Edit: I also want to point out that the issue of whether or not it can be considered "fair use" to train generative AI models on unlicensed copyrighted works is very much an open question. If it was determined that it isn't always fair use, then I don't know what that might mean for many of the existing models that have been trained that way, or the outputs that they produce.
People are doing that without AI, see rust based "improved" core utils or moss kernel.
Ok, so, someone used an LLM do create changes. This new code is no longer under the project license it is, as you say, public domain.
Move forward 400 commits. At what point is most of the code public domain?
While correct you still missed the point completely.
So,not make this as clear as possible: You can not license LLM generated code. Not under GPL, z lib or other copyleft licenses. It may work with public domain licenses.
For MIT licensed projects there is not a big issue.
For the kernel, have a look at the rules. AI models may assist only.
You hit the framing issue right on the head. People keep using code and project interchangeably. Code has never been able to be copyrighted. You cant copyright a for loop. I cant create a car class that has properties like make, model, year and copywrite it. Thats never been a thing. Thats why projects are copyrighted. An entire piece of work.
Now your Ship of Theseus has a debateable point. If every single line of code is ai written, does it become an ai project. I woild argue not because of himan involvement to get it there. I also dont see it happening. Not every line of code is replaced. But if it was, that would be a court challenge.
So, by your logic I take the kernel source, or parts of it and use them verbatim in my property project?
You can see yourself that you are talking bullshit?
Or course code is and was licensable. Because code is more then hast if, else, for, while.
Ever seen that some code in some projects is dual licensed?
Why would anyone need this if only while projects are licensable?
https://interoperable-europe.ec.europa.eu/collection/eupl/licence-compatibility-permissivity-reciprocity-and-interoperability
What you are referencing is a project using other projects. You very much can take a function use it. Its when what you take starts to resemble the whole that it becomes a problem. But if you see a project and say "hey i like how they store files in this collection.", you can use that. Now if you are making a kernel and rip out code tlthat resembles a kernel then no.
Citation needed
Every single complete sentence in this quote is factually wrong, under both USA copyright law and international copyright law.
Copyright accrues the moment that some work is rendered into a fixed format, such as a sheet of paper but also includes a computer text file. Writing a "for" loop as a homework assignment does create copyright. Ten students writing their homework all create their own copyright, even if the result is coincidentally identical. This isn't even a point of serious doubt in the law: copyright is very much an exercise of provenance, not of bitwise comparisons.

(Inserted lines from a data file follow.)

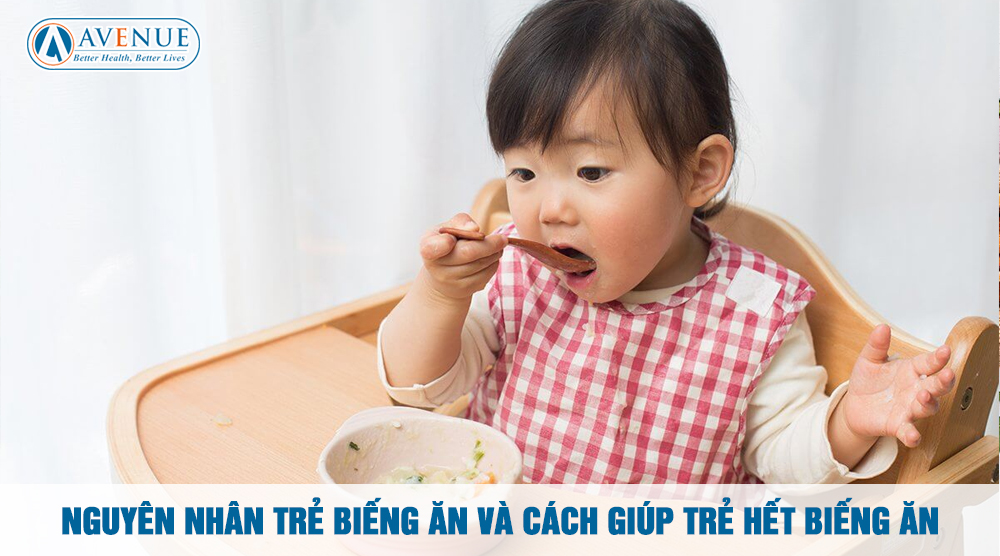 Nguyên Nhân Trẻ Biếng Ăn Và Cách Giúp Trẻ Hết Biếng Ăn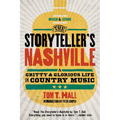 The Storyteller's Nashville: A Gritty & Glorious Life in Country Music - Paperback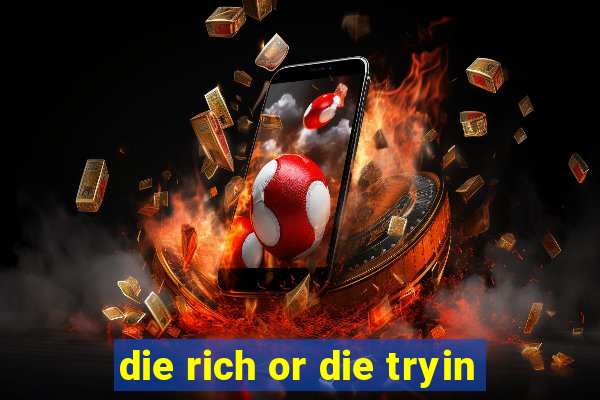 die rich or die tryin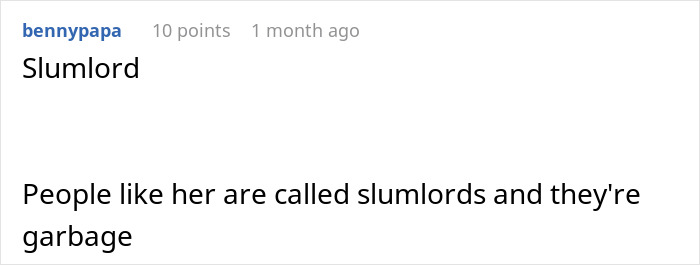 Screenshot of a Reddit comment discussing slumlords in a thread about petty revenge. Screenshot of a Reddit comment discussing slumlords in a thread about petty revenge.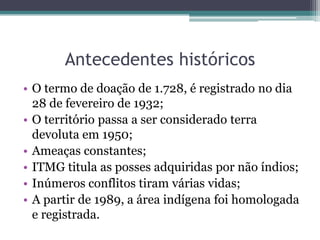 Antecedentes históricosO termo de doação de 1.728, é registrado no dia 28 de fevereiro de 1932;O território passa a ser considerado terra devoluta em 1950;Ameaças constantes;ITMG titula as posses adquiridas por não índios;Inúmeros conflitos tiram várias vidas;A partir de 1989, a área indígena foi homologada e registrada.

From when a work is created, every transformation, edit, or addition must all occur within the parameters of some sort of license from the copyright owner, or else an infringement has occurred.
Two people may stand at the same position at the foot of Mt Whitney in California and set up their own camera, one after another, on the same tripod to take the same frame of the scenery. And under copyright law, each owns the copyright to their own photo. One may decide to sell their photo and copyright to an East Coast newspaper, while the other has theirs committed to canvas. The newspaper may not assert a copyright claim against the canvas owner, and the canvas owner cannot assert a claim against the newspaper.
It's all fun and games until an LLM outputs someone else's AGPL code and you merge that into your codebase.